We were given a homework in a course in demography to identify several esimates of variables found in the 2017 World Population Data Sheet. For instance, we were asked to find the country or countries with the lowest total fertility rate (TFR). As usual, I found myself shaking my head scanning rows and columns of the tables in the PDF. Doing a bit of searching in Google, I found out about the site https://www.pdftoexcel.com/, which converts tables found in a PDF to spreadsheet. I uploaded the PDF file there, let the site process it for less than 2 minutes, and downloaded the resulting spreadsheet. Afterwards, I did some manual copying and pasting and categorizing of the rows. The spreadsheet file is available for download here in this link.
Now I only have to do some more data manipulation in R in order for the file to be useful for my purposes.
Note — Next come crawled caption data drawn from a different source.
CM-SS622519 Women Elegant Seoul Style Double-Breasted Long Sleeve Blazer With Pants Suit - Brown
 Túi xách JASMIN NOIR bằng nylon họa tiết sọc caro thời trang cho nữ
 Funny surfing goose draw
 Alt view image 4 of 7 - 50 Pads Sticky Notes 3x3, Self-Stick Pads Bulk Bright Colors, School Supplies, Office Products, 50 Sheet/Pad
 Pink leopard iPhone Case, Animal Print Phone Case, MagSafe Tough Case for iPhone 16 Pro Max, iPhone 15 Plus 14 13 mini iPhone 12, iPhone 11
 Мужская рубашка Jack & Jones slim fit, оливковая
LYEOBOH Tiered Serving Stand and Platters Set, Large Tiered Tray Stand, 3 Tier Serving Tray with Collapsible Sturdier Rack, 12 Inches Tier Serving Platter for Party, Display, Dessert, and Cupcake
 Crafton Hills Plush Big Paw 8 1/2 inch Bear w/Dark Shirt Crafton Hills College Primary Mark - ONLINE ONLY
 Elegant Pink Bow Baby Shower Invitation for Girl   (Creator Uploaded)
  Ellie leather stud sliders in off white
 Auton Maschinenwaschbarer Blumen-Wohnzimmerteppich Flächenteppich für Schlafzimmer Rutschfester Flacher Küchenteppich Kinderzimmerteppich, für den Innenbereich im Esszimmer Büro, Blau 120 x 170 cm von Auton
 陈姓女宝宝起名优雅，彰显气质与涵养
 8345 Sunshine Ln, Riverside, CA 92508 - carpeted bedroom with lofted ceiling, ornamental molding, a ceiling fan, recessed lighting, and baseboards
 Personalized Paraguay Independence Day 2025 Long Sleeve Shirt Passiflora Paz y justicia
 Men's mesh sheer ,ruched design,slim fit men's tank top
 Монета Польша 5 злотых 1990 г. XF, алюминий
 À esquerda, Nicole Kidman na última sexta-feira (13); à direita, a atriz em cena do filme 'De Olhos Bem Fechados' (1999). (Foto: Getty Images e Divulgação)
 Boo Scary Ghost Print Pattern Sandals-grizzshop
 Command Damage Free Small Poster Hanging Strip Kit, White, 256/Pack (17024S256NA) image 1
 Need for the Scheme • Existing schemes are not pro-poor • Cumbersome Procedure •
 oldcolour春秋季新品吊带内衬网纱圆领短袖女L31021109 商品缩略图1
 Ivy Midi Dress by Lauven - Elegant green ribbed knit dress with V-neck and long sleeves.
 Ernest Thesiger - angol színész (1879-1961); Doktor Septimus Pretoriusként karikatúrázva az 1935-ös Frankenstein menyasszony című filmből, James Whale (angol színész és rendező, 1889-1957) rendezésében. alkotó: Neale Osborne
# load the required packages
library(tidyverse)
library(data.table)
library(DT)
# import the file
wpds <- fread("wpds.csv", na.strings = c("-", "", "NA"))
# do some fixes
wpds <- wpds %>% mutate(
# remove the comma in each numeric entry
`GNI per Capita PPPc 2016` = as.numeric(gsub(",","",`GNI per Capita PPPc 2016`)),
`Population mid-2017 (millions)` = as.numeric(gsub(",","",`Population mid-2017 (millions)`)),
`Population mid-2030 (millions)` = as.numeric(gsub(",","",`Population mid-2030 (millions)`)),
`Population mid-2050 (millions)` = as.numeric(gsub(",","",`Population mid-2050 (millions)`)),
`Population per Square Kilometer of Arable Land (thousands)` = as.numeric(gsub(",","",`Population per Square Kilometer of Arable Land (thousands)`)),
`Population Ages 15-24 mid-2017 (millions)` = as.numeric(gsub(",","",`Population Ages 15-24 mid-2017 (millions)`)),
`Population Ages 15-24 mid-2050 (millions)` = as.numeric(gsub(",","",`Population Ages 15-24 mid-2050 (millions)`)),
# the blanks correspond to a country
Category = case_when(is.na(Category)~"Country", TRUE~as.character(Category))
)
Now, it is only a matter of using DT::datatable.
wpds %>% datatable()